232.—CATCHING THE MICE.
In order that the cat should eat every thirteenth mouse, and the white mouse last of all, it is necessary that the count should begin at the seventh mouse (calling the white one the first)—that is, at the one nearest the tip of the cat's tail. In this case it is not at all necessary to try starting at all the mice in turn until you come to the right one, for you can just start anywhere and note how far distant the last one eaten is from the starting point. You will find it to be the eighth, and therefore must start at the eighth, counting backwards from the white mouse. This is the one I have indicated.
In the case of the second puzzle, where you have to find the smallest number with which the cat may start at the white mouse and eat this one last of all, unless you have mastered the general solution of the problem, which is very difficult, there is no better course open to you than to try every number in succession until you come to one that works correctly. The smallest number is twenty-one. If you have to proceed by trial, you will shorten your labour a great deal by only counting out the remainders when the number is divided successively by 13, 12, 11, 10, etc. Thus, in the case of 21, we have the remainders 8, 9, 10, 1, 3, 5, 7, 3, 1, 1, 3, 1, 1. Note that I do not give the remainders of 7, 3, and 1 as nought, but as 7, 3, and 1. Now, count round each of these numbers in turn, and you will find that the white mouse is killed last of all. Of course, if we wanted simply any niunber, not the smallest, the solution is very easy, for we merely take the least common multiple of 13, 12, 11, 10, etc. down to 2. This is 360360, and you will find that the first count kills the thirteenth mouse, the next the twelfth, the next the eleventh, and so on down to the first. But the most arithmetically inclined cat could not be expected to take such a big number when a small one like twenty-one would equally serve its purpose.

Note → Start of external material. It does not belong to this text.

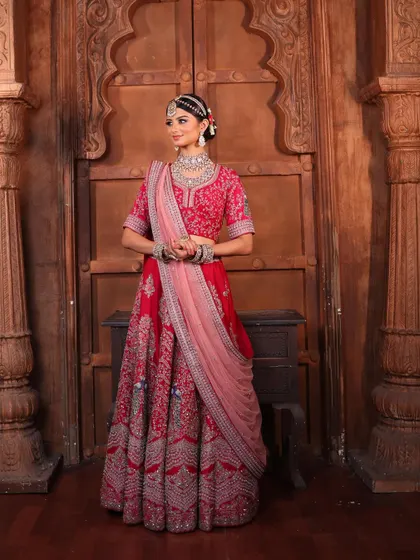The complete royal look. Your portfolio will demonstrate your ability to style a bride from head to toe, including draping and jewelry placement.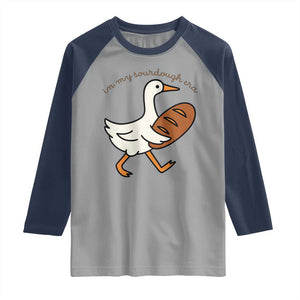 In My Sourdough Era Raglan Shirt Funny Silly Goose Sourdough TS14 Sport Gray Navy Print Your Wear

In the third case, the smallest number is 100. The number 1,000 would also do, and there are just seventy-two other numbers between these that the cat might employ with equal success.
233.—THE ECCENTRIC CHEESEMONGER.
To leave the three piles at the extreme ends of the rows, the cheeses may be moved as follows—the numbers refer to the cheeses and not to their positions in the row: 7—2, 8—7, 9—8, 10—15, 6—10, 5—6, 14—16, 13—14, 12—13, 3—1, 4—3, 11—4. This is probably the easiest solution of all to find. To get three of the piles on cheeses 13, 14, and 15, play thus: 9—4, 10—9, 11—10, 6—14, 5—6, 12—15, 8—12, 7—8, 16—5, 3—13, 2—3, 1—2. To leave the piles on cheeses 3, 5, 12, and 14, play thus: 8—3, 9—14, 16—12, 1—5, 10—9, 7—10, 11—8, 2—1, 4—16, 13—2, 6—11, 15—4.
234.—THE EXCHANGE PUZZLE.
Make the following exchanges of pairs; H—K, H—E, H—C, H—A, I—L, I—F, I—D, K—L, G—J, J—A, F—K, L—E, D—K, E—F, E—D, E—B, B—K. It will be found that, although the white counters can be moved to their proper places in 11 moves, if we omit all consideration of exchanges, yet the black cannot be so moved in fewer than 17 moves. So we have to introduce waste moves with the white counters to equal the minimum required by the black. Thus fewer than 17 moves must be impossible. Some of the moves are, of course, interchangeable.
235.—TORPEDO PRACTICE.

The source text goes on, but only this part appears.